On Wed, Dec 08, 2010 at 08:51:11AM +0800, Andrew Morton wrote:
> On Sun, 5 Dec 2010 14:44:30 +0800
> Wu Fengguang <fengguang.wu@xxxxxxxxx> wrote:
> 
> > I noticed that my NFSROOT test system goes slow responding when there
> > is heavy dd to a local disk. Traces show that the NFSROOT's bdi_limit
> > is near 0 and many tasks in the system are repeatedly stuck in
> > balance_dirty_pages().
> > 
> > There are two related problems:
> > 
> > - light dirtiers at one device (more often than not the rootfs) get
> >   heavily impacted by heavy dirtiers on another independent device
> > 
> > - the light dirtied device does heavy throttling because bdi_limit=0,
> >   and the heavy throttling may in turn withhold its bdi_limit in 0 as
> >   it cannot dirty fast enough to grow up the bdi's proportional weight.
> > 
> > Fix it by introducing some "low pass" gate, which is a small (<=8MB)
> > value reserved by others and can be safely "stole" from the current
> > global dirty margin.  It does not need to be big to help the bdi gain
> > its initial weight.
> > 
> 
> The changelog refers to something called "bdi_limit".  But there is
> no such thing.  It occurs nowhere in the Linux tree and it has never
> before been used in a changelog.
>
> Can we please use carefully-chosen terminology and make sure that
> everyone can easily understand what the terms are referring to?
> 
> I'm assuming from context that you've created a new term to refer to
> the bdi_dirty_limit() return value for this bdi.

Yes it would be much better to use
bdi_dirty_limit()/global_dirty_limit() in the changelog.

> And ... oh geeze, you made me look at the code.  Grumbles forthcoming.
> 
> > 
> > Peter, I suspect this will do good for 2.6.37. Please help review, thanks!
> > 
> >  include/linux/writeback.h |    3 ++-
> >  mm/backing-dev.c          |    2 +-
> >  mm/page-writeback.c       |   23 +++++++++++++++++++++--
> >  3 files changed, 24 insertions(+), 4 deletions(-)
> > 
> > --- linux-next.orig/mm/page-writeback.c	2010-12-05 14:29:24.000000000 +0800
> > +++ linux-next/mm/page-writeback.c	2010-12-05 14:31:39.000000000 +0800
> > @@ -444,7 +444,9 @@ void global_dirty_limits(unsigned long *
> >   * The bdi's share of dirty limit will be adapting to its throughput and
> >   * bounded by the bdi->min_ratio and/or bdi->max_ratio parameters, if set.
> >   */
> > -unsigned long bdi_dirty_limit(struct backing_dev_info *bdi, unsigned long dirty)
> > +unsigned long bdi_dirty_limit(struct backing_dev_info *bdi,
> > +			      unsigned long dirty,
> > +			      unsigned long dirty_pages)
> 
> Forgot to update the bdi_dirty_limit() kerneldoc.
>
> While you're there, please document the bdi_dirty_limit() return value.

OK, done.

> <looks>
> 
> It mentions "100" a  lot.  ah-hah!  It returns a 0..99 percentage!

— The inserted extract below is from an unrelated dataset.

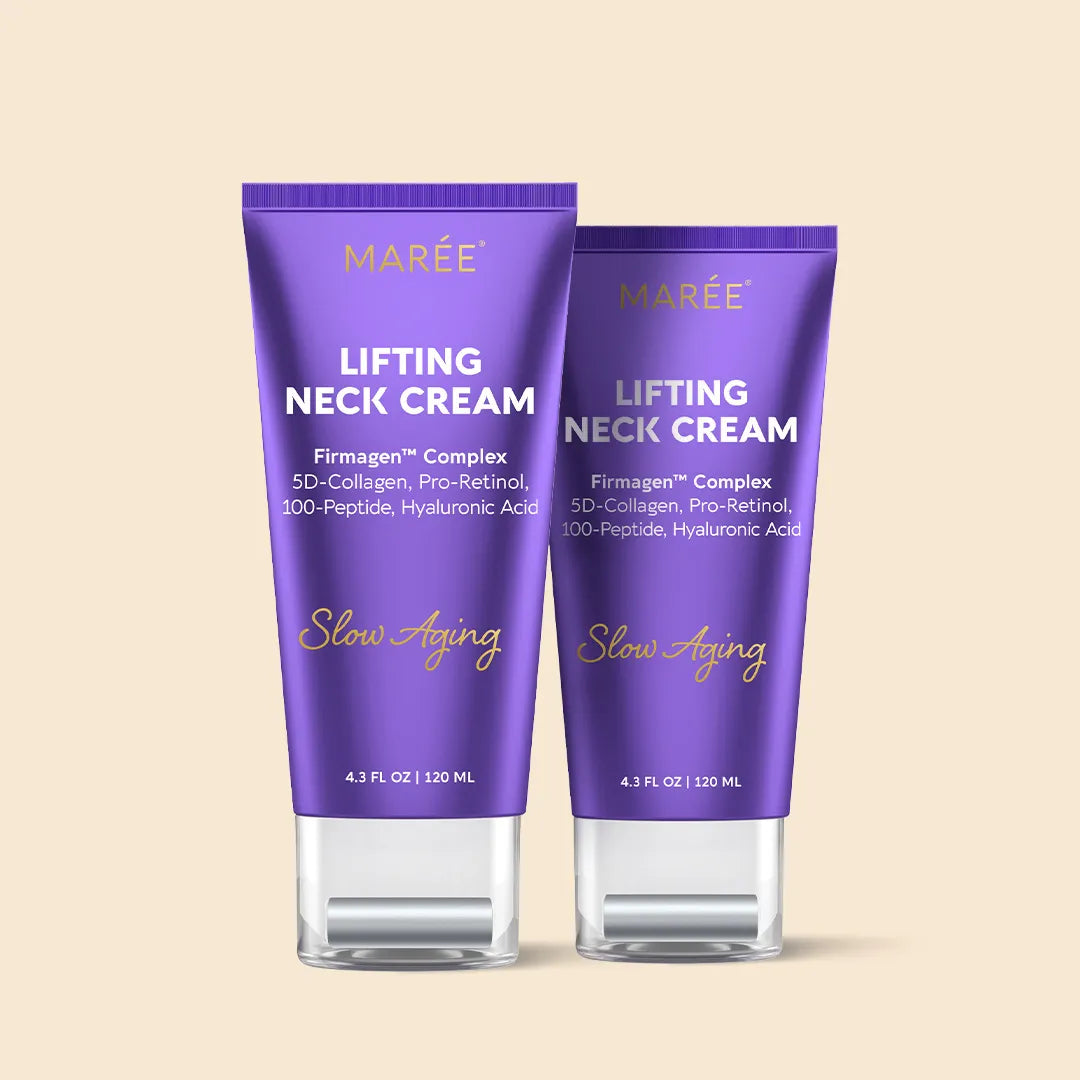 Retinol Neck Firming Cream with Built-in Massaging Applicator - Image 10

Yeah, you got it. To be frank I don't care much about (or even like)
that lose of precision, because I'm glad to see some safety margin
between the bdi and global dirty limits, so that one bdi's limit is
slightly exceeded, it won't slow down the whole system.

> <looks further>
> 
> No, ratelimit_pages() compares it with a variable called dirty_pages,
> so it returns an absolute number of pages!

Yes bdi_dirty_limit() returns the number of pages allowed to
dirty/writeback.

> But maybe ratelimit_pages() is buggy.
> 
> <looks further>
> 
> balance_dirty_pages() passes the bdi_dirty_limit() return value to
> task_dirty_limit() which secretly takes a number-of-pages arg and
> secretly returns a number-of-pages return value.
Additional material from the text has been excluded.